• _ASSIGNED TASK_: Among the entries below, extract exactly the lines that run from the one with "Fleurs de savon" through the one with "Upwards Board Game", both ends included.

• _EXTRACTED DATA_:
[Start of section]

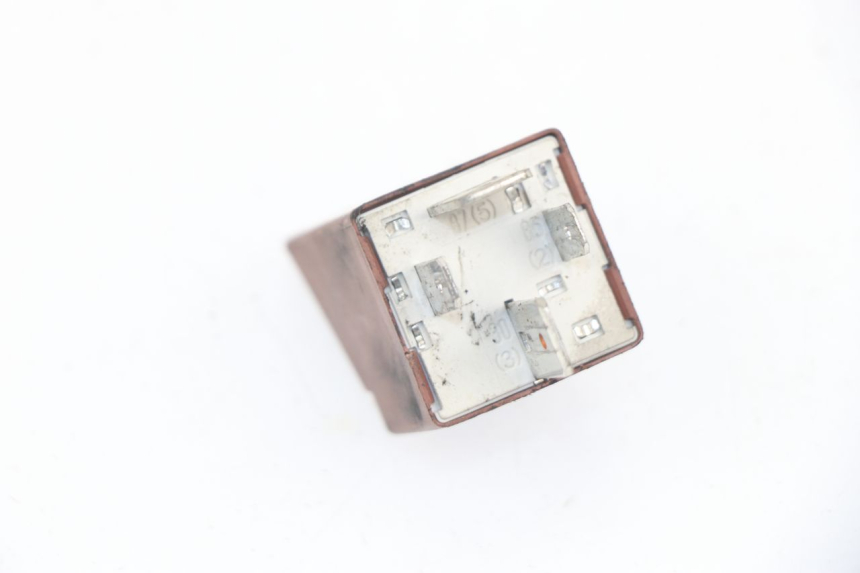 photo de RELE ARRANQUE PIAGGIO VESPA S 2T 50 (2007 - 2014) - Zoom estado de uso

[End of section]
[Start of section]

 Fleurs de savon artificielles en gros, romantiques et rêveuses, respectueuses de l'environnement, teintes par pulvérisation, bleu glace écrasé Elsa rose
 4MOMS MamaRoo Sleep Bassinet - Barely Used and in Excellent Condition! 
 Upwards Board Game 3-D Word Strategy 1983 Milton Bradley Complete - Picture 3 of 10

[End of section]
[Start of section]

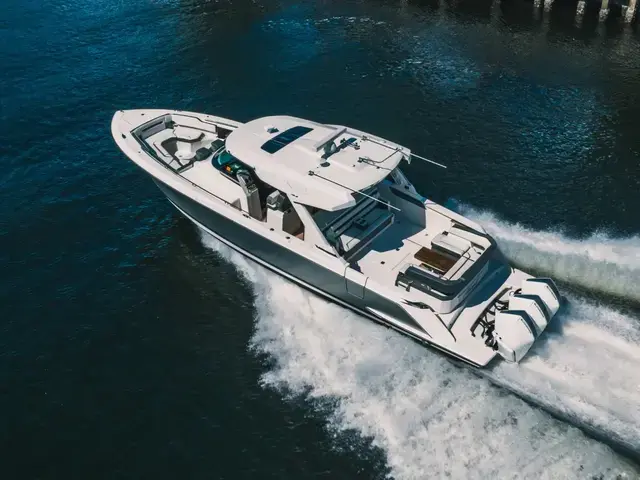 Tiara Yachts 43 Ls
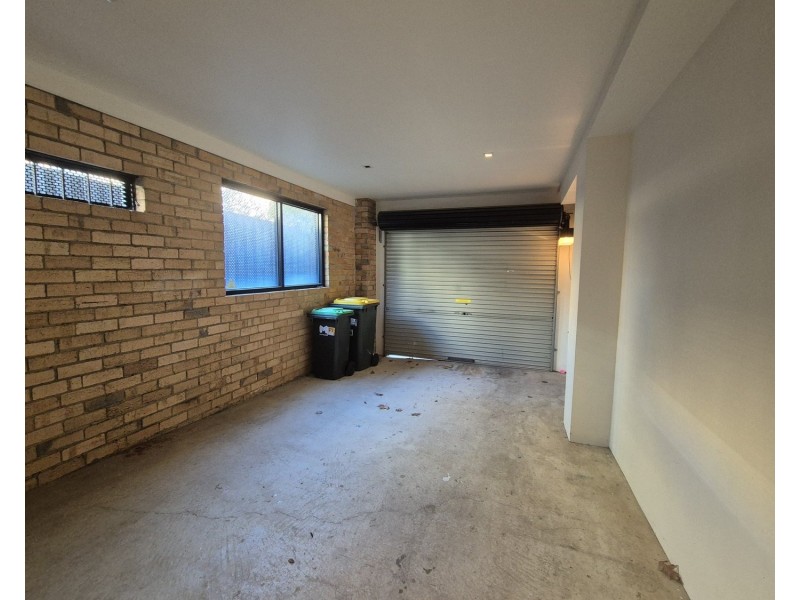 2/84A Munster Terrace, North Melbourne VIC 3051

[End of section]

• _RESULT_:
 Fleurs de savon artificielles en gros, romantiques et rêveuses, respectueuses de l'environnement, teintes par pulvérisation, bleu glace écrasé Elsa rose
 4MOMS MamaRoo Sleep Bassinet - Barely Used and in Excellent Condition! 
 Upwards Board Game 3-D Word Strategy 1983 Milton Bradley Complete - Picture 3 of 10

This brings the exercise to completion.